In the past (pre bd) I would have contacted h and blasted him with it all, make him feel guilty he is not here to help me (he was away a lot with work), he would have felt helpless and really bad that he was not at home. But this time, even though we are on friendly terms and co parenting, I have not let him know about what has happened and have asked s18 to not tell him until he is back from his holiday. I see that what I was doing pre bd was unfair on h, he couldn't do anything, only listen to an upset wife and feel helpless. I have dealt with it and it has turned out fine so no need to involve h at all.
I see now that I am able to take control of a situation, the world does not come to an end and I can cope with things on my own. To make h feel bad was unfair and so wrong of me. Its a good change in me.

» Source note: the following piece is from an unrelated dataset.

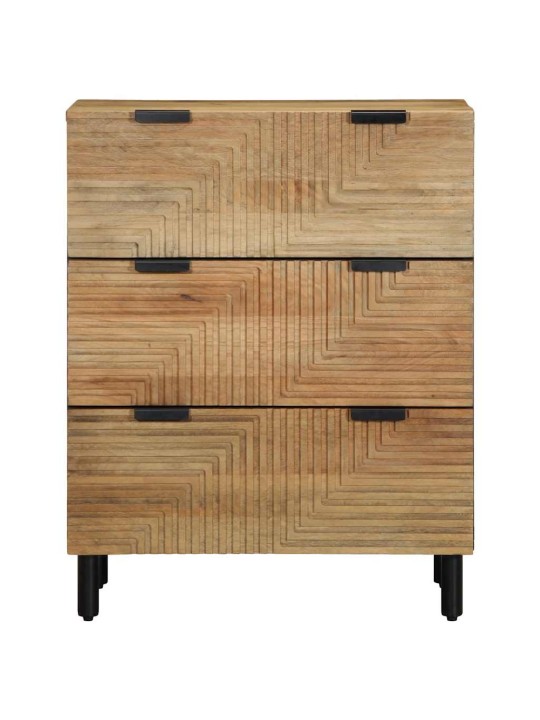 Senkit 2 kpl ruskea 60x33x75 cm massiivipuu mango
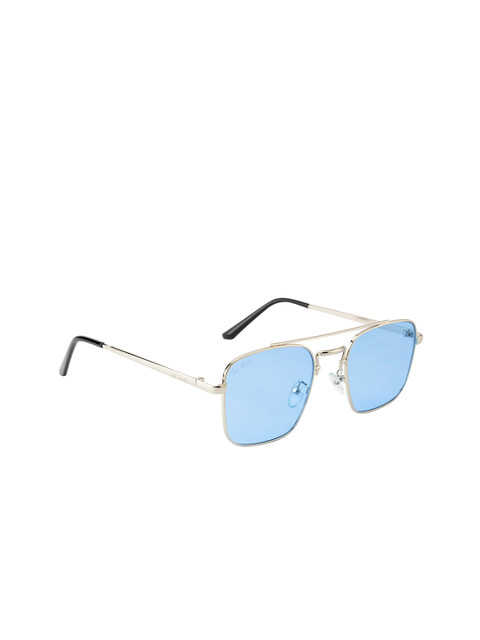 

Ted Smith Unisex Blue Lens Aviator Sunglasses with UV Protected Lens CARAVAN_C6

Work wise; its tough. This week I have been playing catch up from NY onslaught of shoppers, but as always I have managed it. I have a trainee this week, she is my new support person that will cover my days off. She is not the candidate I choose, I am finding it challenging trying to teach someone who just does not "get it", but my new patience and perseverance skills that I am gaining through this MLC journey are helping me stay calm with her. Next week I am giving her a shift to run, so she will either sink or swim - The downside to all these changes is that management have been so impressed by how my dept coped with Christmas (apparently its the best for many years) that they feel I am more than capable of taking on some more responsibilities so with my new hours comes new tasks - I wonder if they are seeing how far they can push me before I break !! I will of course achieve them, failing is not a word I use often. I also look at it as more for my cv and that I don't intend being in the job this time next year so all this is for me is experience and a good reference.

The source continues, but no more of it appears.